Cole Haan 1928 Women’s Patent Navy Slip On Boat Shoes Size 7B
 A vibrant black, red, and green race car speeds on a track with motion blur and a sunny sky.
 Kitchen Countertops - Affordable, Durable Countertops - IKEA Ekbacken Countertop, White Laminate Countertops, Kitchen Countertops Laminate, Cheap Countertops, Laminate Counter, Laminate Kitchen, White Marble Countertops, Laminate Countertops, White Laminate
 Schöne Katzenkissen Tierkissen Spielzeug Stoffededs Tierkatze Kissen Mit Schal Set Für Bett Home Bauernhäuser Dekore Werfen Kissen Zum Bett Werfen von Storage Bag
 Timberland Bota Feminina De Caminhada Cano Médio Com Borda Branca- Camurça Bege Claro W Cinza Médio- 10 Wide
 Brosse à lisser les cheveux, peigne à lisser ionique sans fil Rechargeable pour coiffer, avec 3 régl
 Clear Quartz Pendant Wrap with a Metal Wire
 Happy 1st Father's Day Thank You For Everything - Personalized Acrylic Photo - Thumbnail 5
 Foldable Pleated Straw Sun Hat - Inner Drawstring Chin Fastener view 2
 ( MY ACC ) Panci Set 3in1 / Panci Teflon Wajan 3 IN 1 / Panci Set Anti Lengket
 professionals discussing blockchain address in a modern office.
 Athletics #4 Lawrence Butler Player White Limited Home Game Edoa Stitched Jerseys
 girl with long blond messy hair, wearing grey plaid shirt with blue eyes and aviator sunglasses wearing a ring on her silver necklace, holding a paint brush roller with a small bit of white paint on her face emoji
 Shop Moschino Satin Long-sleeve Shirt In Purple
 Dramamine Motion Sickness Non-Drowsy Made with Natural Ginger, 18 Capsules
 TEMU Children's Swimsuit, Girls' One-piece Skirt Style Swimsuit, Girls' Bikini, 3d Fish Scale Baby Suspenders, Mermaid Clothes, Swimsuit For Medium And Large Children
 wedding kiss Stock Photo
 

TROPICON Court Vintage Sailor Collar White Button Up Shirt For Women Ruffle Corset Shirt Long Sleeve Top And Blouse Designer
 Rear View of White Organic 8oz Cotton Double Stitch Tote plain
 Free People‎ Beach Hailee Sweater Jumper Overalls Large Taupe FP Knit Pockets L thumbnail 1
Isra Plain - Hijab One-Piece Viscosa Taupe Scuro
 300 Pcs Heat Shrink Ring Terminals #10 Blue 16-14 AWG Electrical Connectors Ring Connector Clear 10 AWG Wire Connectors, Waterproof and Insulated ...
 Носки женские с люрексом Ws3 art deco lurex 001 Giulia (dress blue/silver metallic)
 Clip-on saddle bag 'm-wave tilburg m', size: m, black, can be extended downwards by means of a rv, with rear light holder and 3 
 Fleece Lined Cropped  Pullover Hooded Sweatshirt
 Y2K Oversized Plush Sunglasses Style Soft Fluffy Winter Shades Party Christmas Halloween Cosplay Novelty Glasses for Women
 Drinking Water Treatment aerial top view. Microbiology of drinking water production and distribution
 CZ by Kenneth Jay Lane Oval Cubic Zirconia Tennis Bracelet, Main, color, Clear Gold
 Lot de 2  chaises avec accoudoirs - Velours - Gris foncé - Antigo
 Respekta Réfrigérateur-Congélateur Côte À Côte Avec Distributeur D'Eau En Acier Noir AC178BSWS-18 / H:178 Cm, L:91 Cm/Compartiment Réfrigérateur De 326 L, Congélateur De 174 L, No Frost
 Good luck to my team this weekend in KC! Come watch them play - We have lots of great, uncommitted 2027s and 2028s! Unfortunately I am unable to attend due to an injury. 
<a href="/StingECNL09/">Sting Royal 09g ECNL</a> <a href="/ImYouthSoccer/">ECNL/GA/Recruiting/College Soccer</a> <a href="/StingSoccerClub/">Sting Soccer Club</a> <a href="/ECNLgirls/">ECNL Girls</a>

▬▬▬

Task requirements: From the data, pick out every line that includes "Clear".

Expected answer:
 Clear Quartz Pendant Wrap with a Metal Wire
 300 Pcs Heat Shrink Ring Terminals #10 Blue 16-14 AWG Electrical Connectors Ring Connector Clear 10 AWG Wire Connectors, Waterproof and Insulated ...
 CZ by Kenneth Jay Lane Oval Cubic Zirconia Tennis Bracelet, Main, color, Clear Gold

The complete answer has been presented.